THE TASK -> Only the lines from the start of the data through the line containing "Último diseñador italiano" should be written out, exactly as they are, with both ends included and the pictures left out.

------

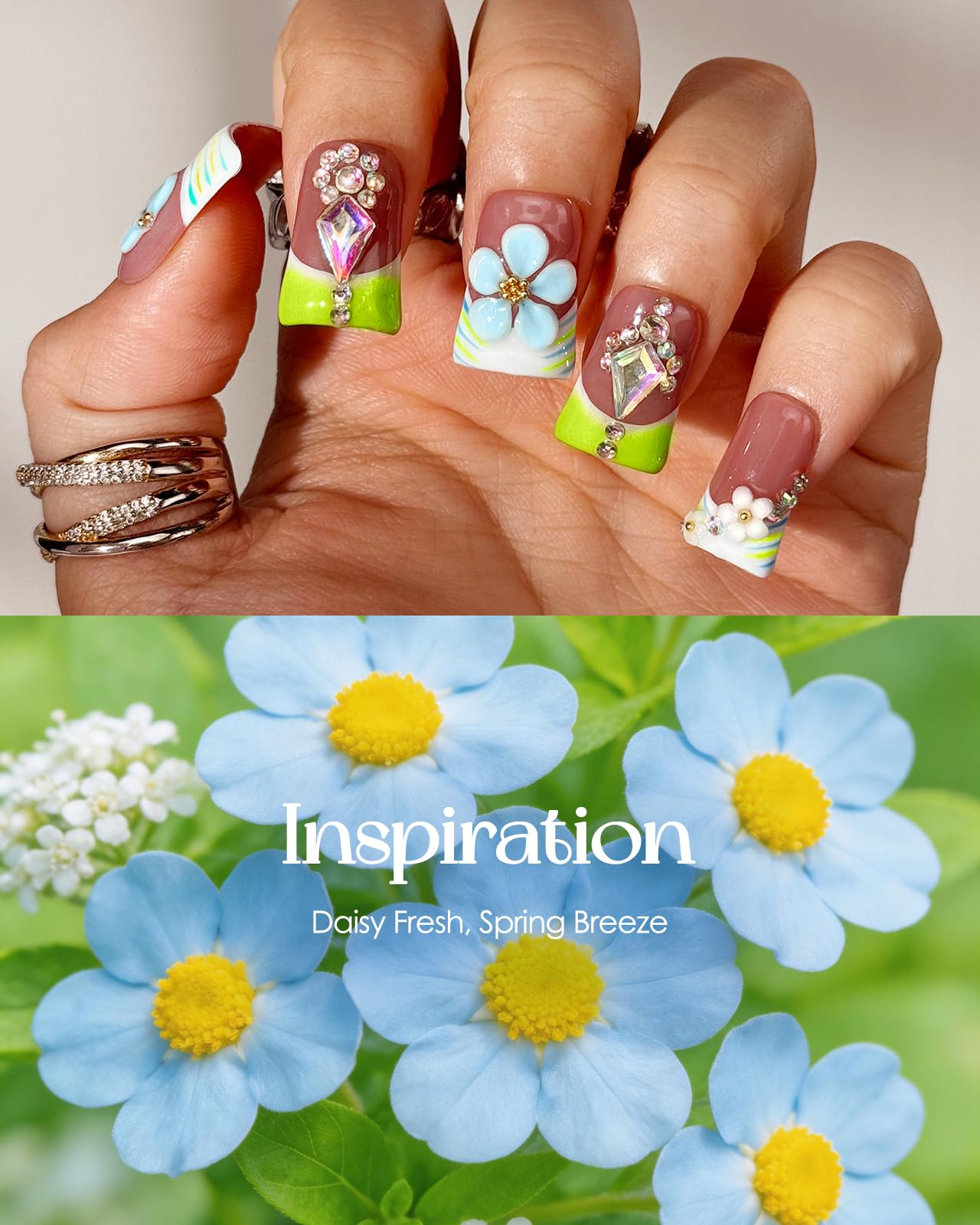 Buleens Handmade Press on Nails Acrylic Duck Nails-10pcs Short Fresh Summer Floral Crystal 3D Fake Nails Kits with Glue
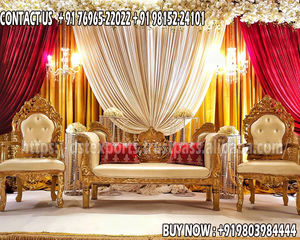 Último diseñador italiano Love-Seat conjunto de sofá de boda estilo moderno lujo italiano boda escenario sofá teca madera cómodo elegante - Product Image 6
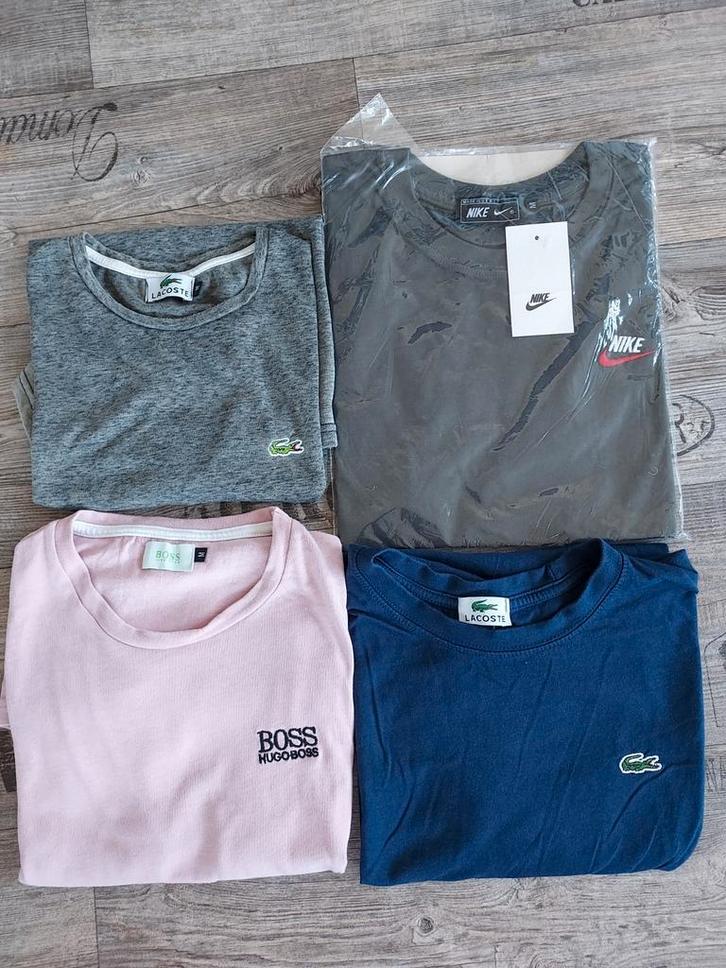 T-shirts Lacoste, Nike, Hugo Boss - Maat S/M (1), Kleding | Heren, T-shirts, Zo goed als nieuw, Grijs, Ophalen of Verzenden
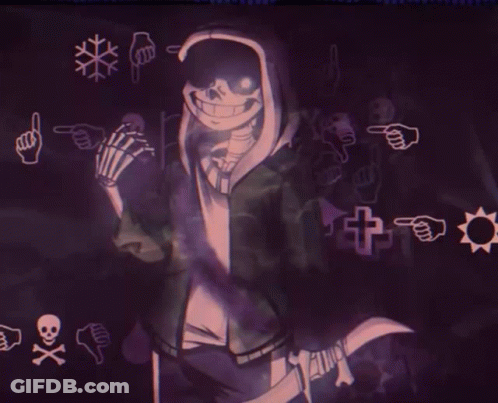 Skeleton In Hoodie Surrounded By Hand Gestures GIF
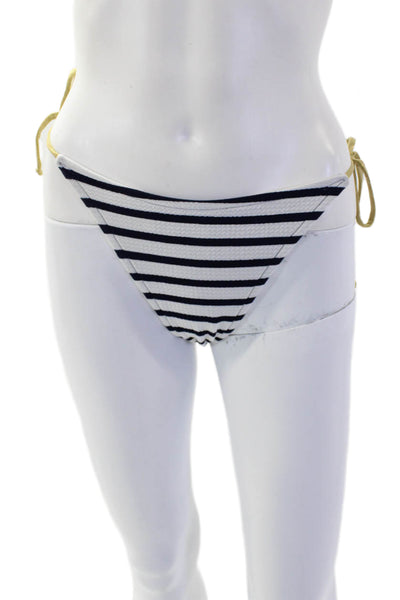 Les Tout Petits Womens Striped Print Side Tie Bikini Bottom Blue Size 12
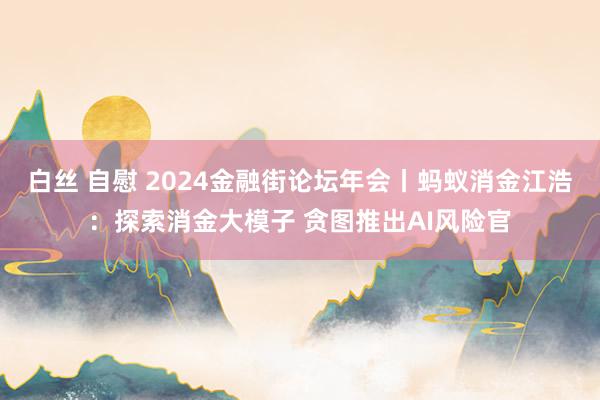 白丝 自慰 2024金融街论坛年会丨蚂蚁消金江浩：探索消金大模子 贪图推出AI风险官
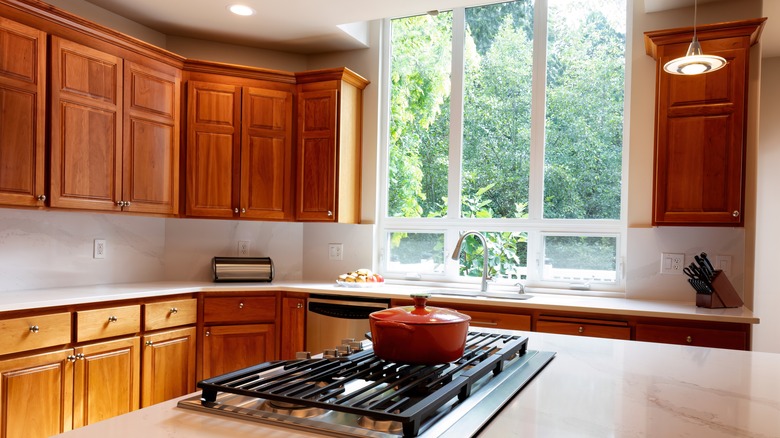 Stained kitchen cabinets 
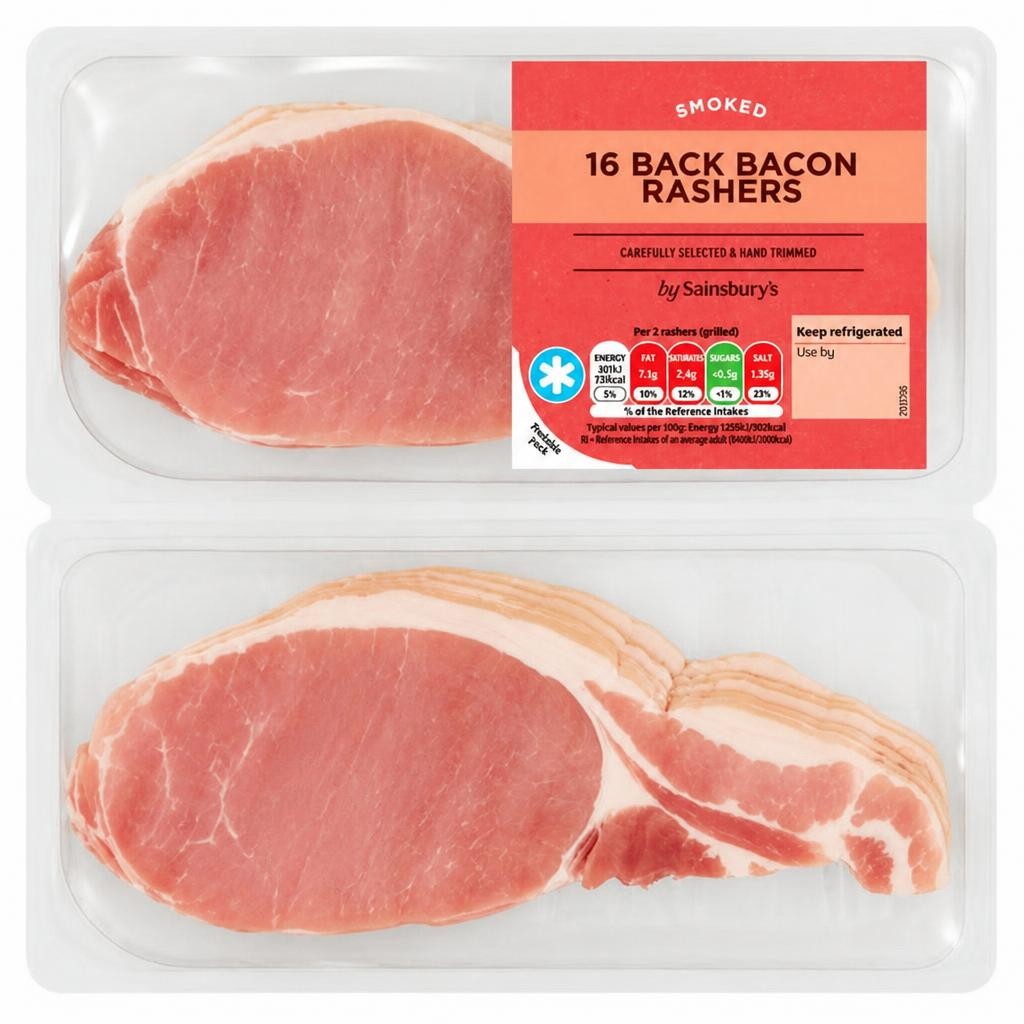 Sainsbury's Smoked 16 Back Bacon Rashers 2x250g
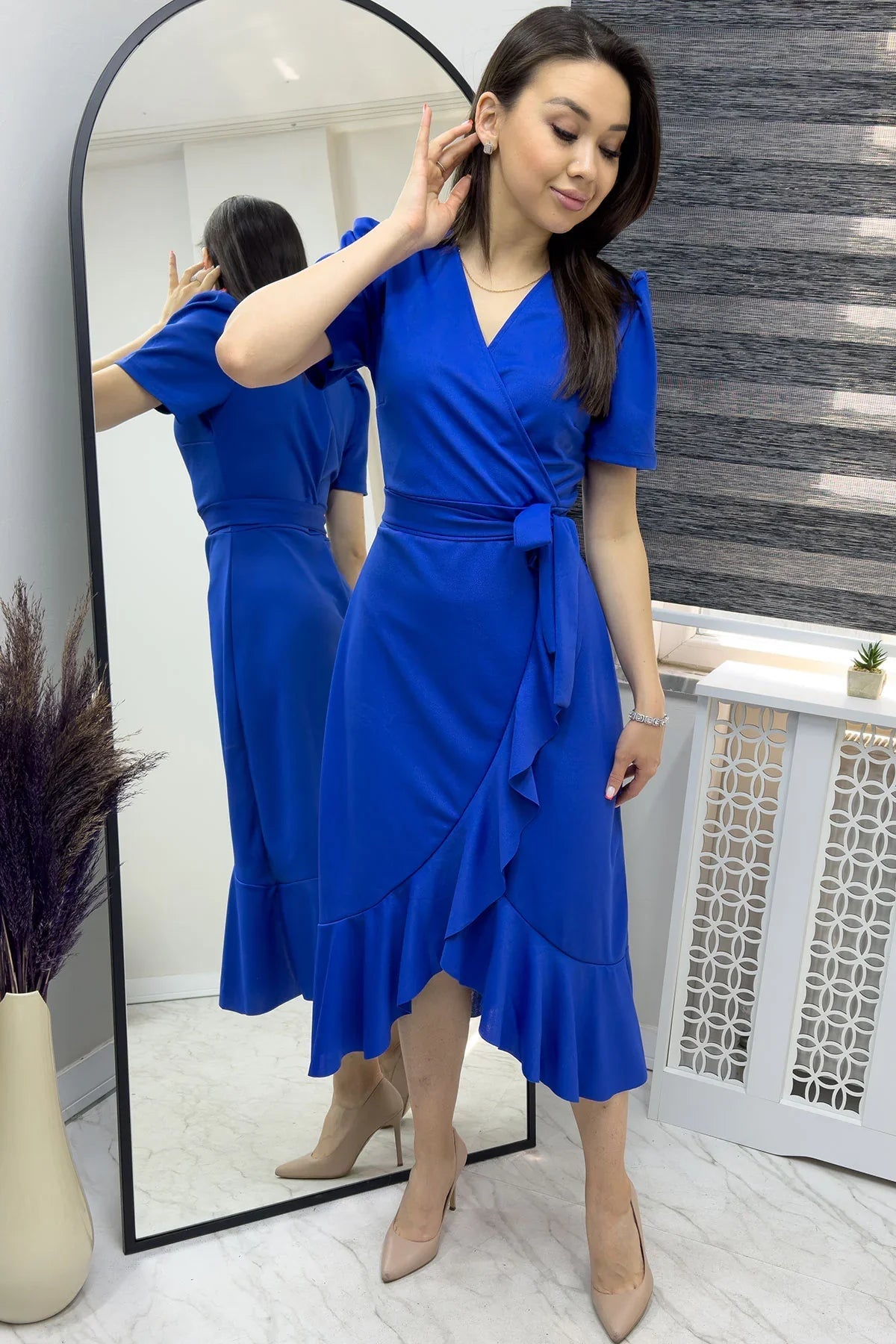 Women's Saxe Bluesi Short Karpuz Sleeve Wrap Belted Plus Size Dress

------

RESULT FOR THIS EXERCISE ->
 Buleens Handmade Press on Nails Acrylic Duck Nails-10pcs Short Fresh Summer Floral Crystal 3D Fake Nails Kits with Glue
 Último diseñador italiano Love-Seat conjunto de sofá de boda estilo moderno lujo italiano boda escenario sofá teca madera cómodo elegante - Product Image 6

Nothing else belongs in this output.